(Scraped caption text data)
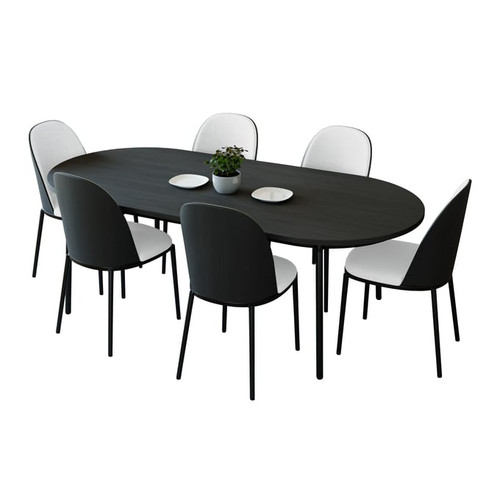 LeisureMod Tule White 7pc Dining Sets With 71 Inch Dining Table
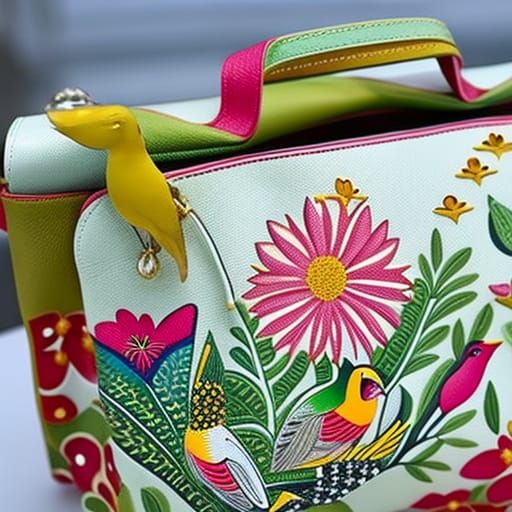 A handpainted handbag by anushka with birds and flowers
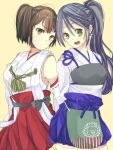  2girls bare_shoulders black_hair brown_hair cosplay costume_switch detached_sleeves green_eyes haruna_(kantai_collection) japanese_clothes kaga_(kantai_collection) kantai_collection long_hair looking_at_viewer multiple_girls muneate open_mouth personification short_hair side_ponytail simple_background tsumugi_touto 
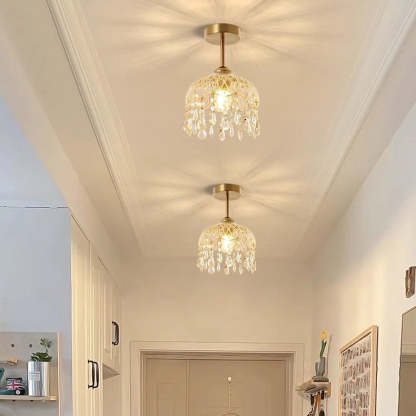 Traditional French Iron Crystal & Glass Dome Tassel 1-Light Semi-Flush Mount Ceiling Light For Hallway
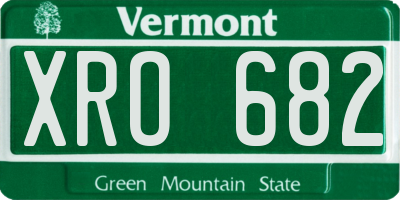 VT license plate XRO682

### Exercise:
Without including any picture, repeat the data exactly.

### Response below:
 LeisureMod Tule White 7pc Dining Sets With 71 Inch Dining Table
 A handpainted handbag by anushka with birds and flowers
  2girls bare_shoulders black_hair brown_hair cosplay costume_switch detached_sleeves green_eyes haruna_(kantai_collection) japanese_clothes kaga_(kantai_collection) kantai_collection long_hair looking_at_viewer multiple_girls muneate open_mouth personification short_hair side_ponytail simple_background tsumugi_touto 
 Traditional French Iron Crystal & Glass Dome Tassel 1-Light Semi-Flush Mount Ceiling Light For Hallway
 VT license plate XRO682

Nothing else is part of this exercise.